5.02 The role of hospital pharmacies should be analysed
It is Lif’s view that an unfortunate competition between private companies and hospital pharmacies exists today. Medicine should only to a very limited extent and only under special circumstances be given from the hospital pharmacies instead of from the private pharmacies. Hospital pharmacies and medicine depots should only supply the hospitals in the regions to which they are linked. Production at hospital pharmacies and in the private sector ought to be put on an equal footing. That means that production at hospital pharmacies must not be allowed to distort competition through hidden subsidies from public funds or cross-subsidising from other activities. Therefore, hospital pharmacies’ accounts should show all the costs associated with their activities. Moreover, the cost calculations must be accessible and transparent. The hospitals-sector supplier Amgros is responsible for a large proportion of the supply of medicines to hospitals. Since in principle Amgros is acting on behalf of the hospital pharmacies, there is an unfortunate conflict of interests.

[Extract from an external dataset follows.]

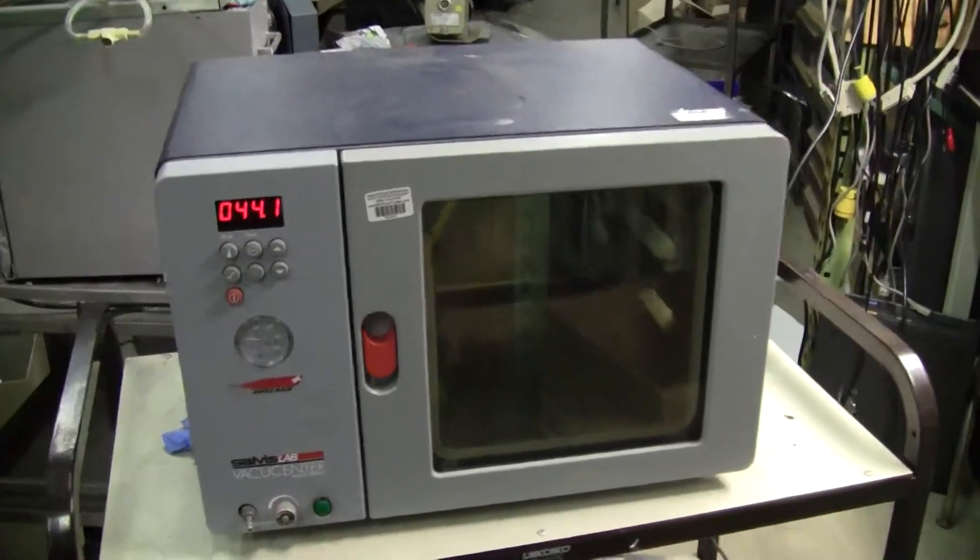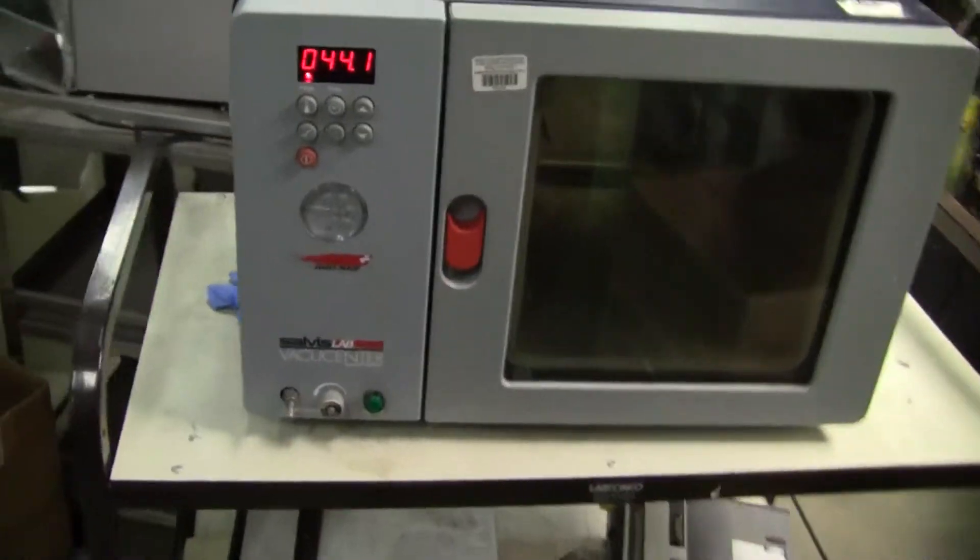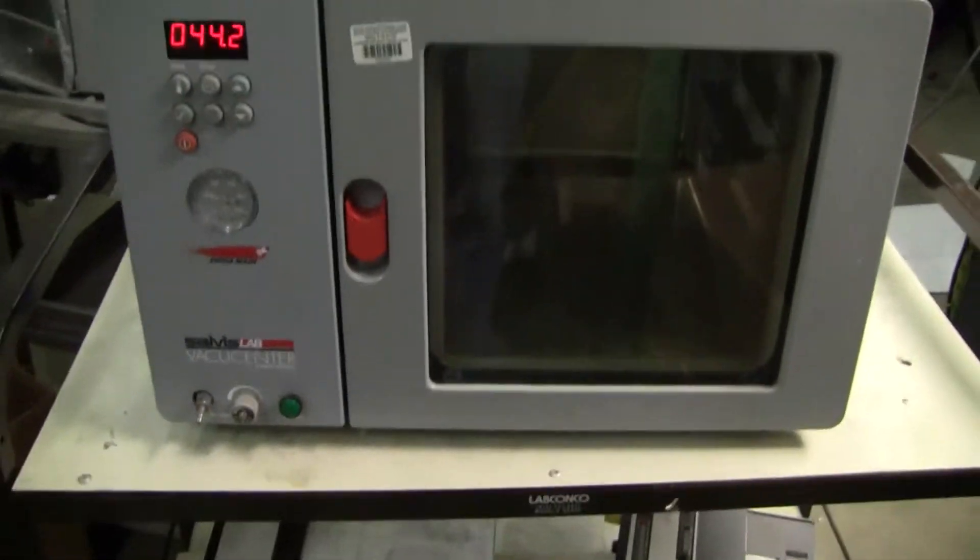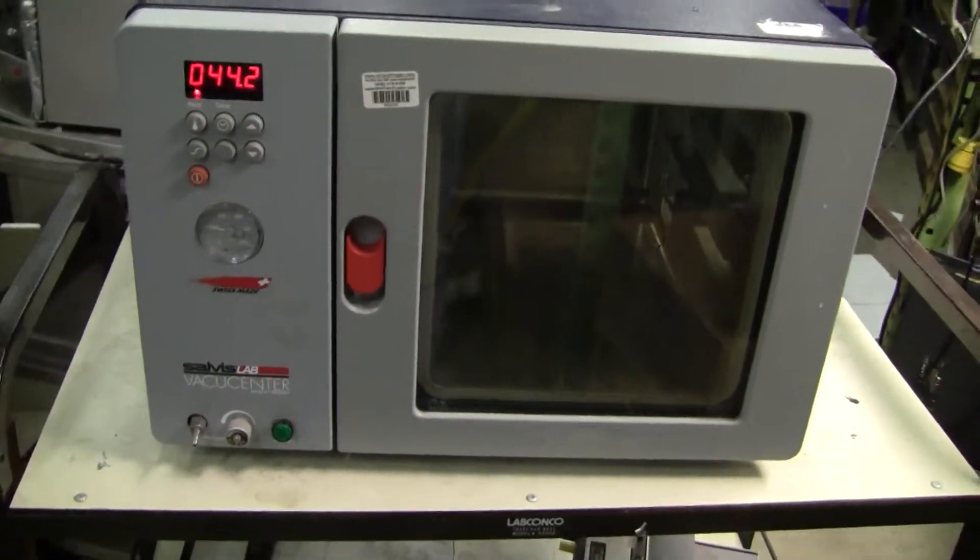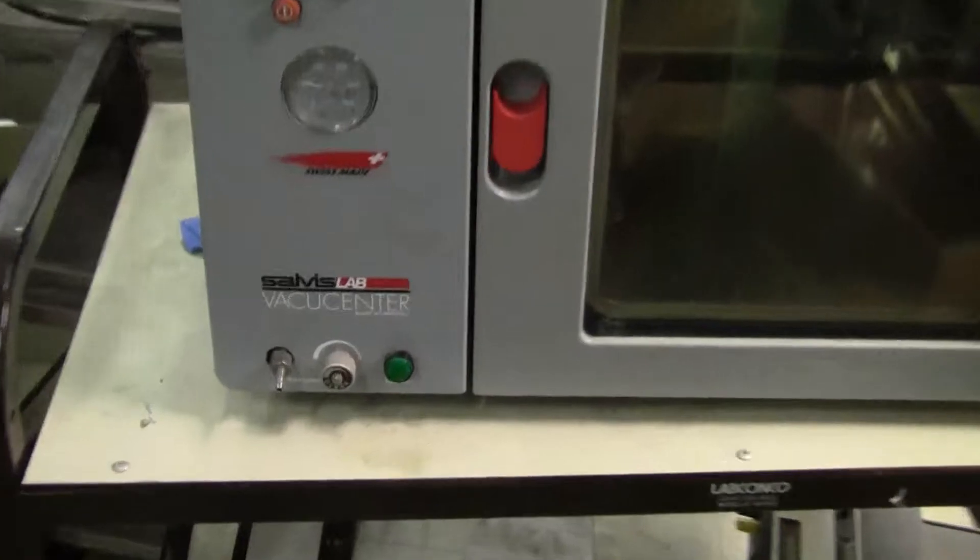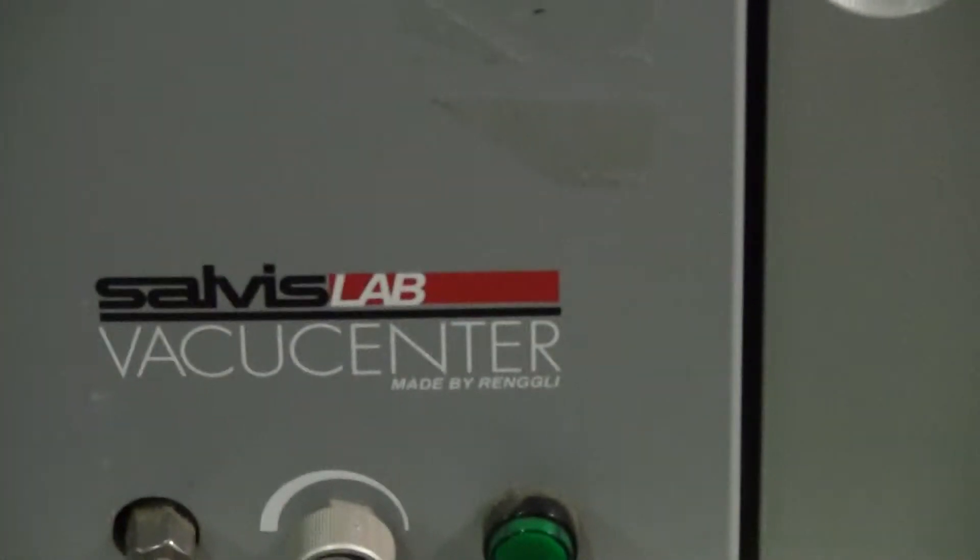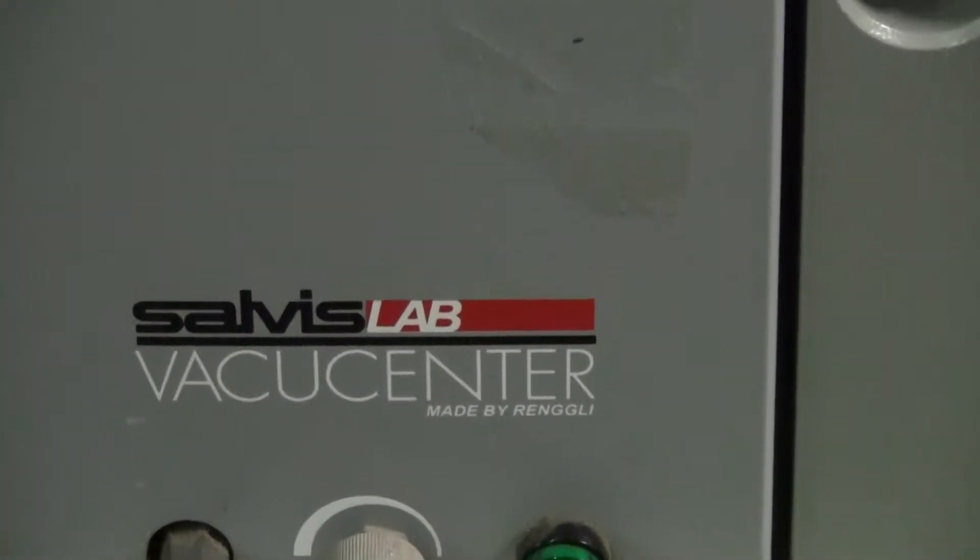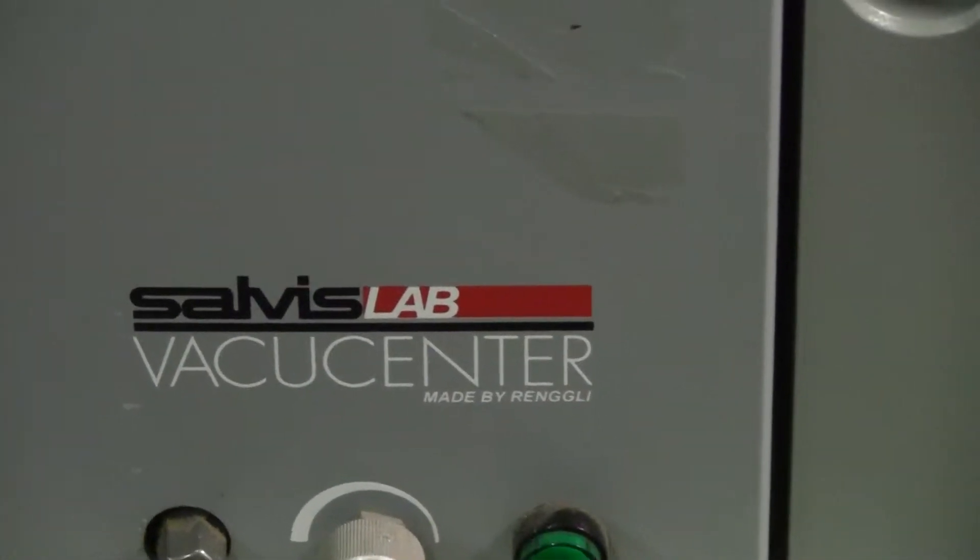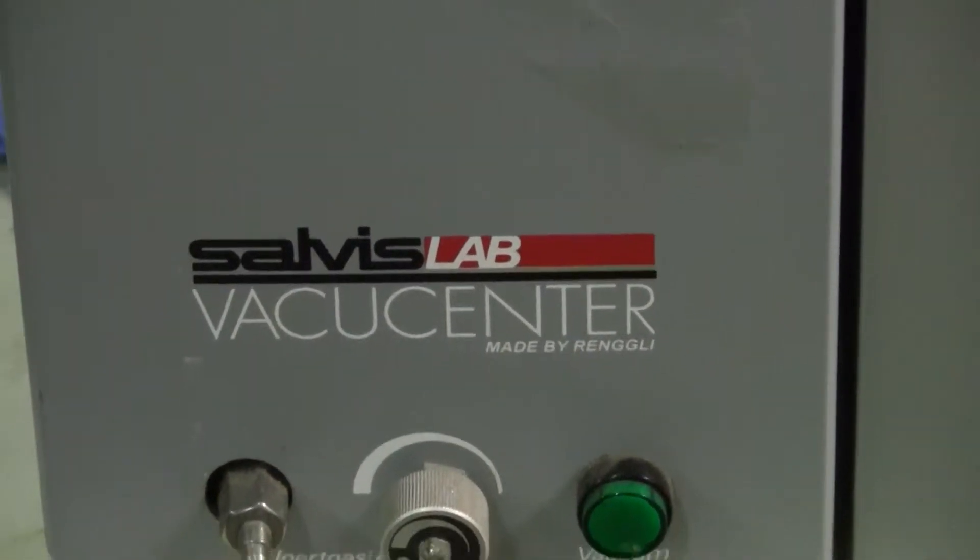Hi, this is Michael from HitechTrader. Today we're looking at a vacuum oven made by Sal Vass.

The hospital pharmacies’ own production of medicines might possibly gain a favourable position in Amgros’s tender rounds thanks to knowledge of bids received, and it cannot be excluded that it is in fact the hospital pharmacies’ own production to which calls for tenders are matched. Also, the hospital pharmacies’ own production is maintained, even if those product groups are simultaneously the subject of a public call for tenders.
Lif believes:
- that it is unfortunate that the hospital pharmacies produce medicine in many of the areas that are the subject of Amgros public calls for tenders without themselves participating in this form of price competition.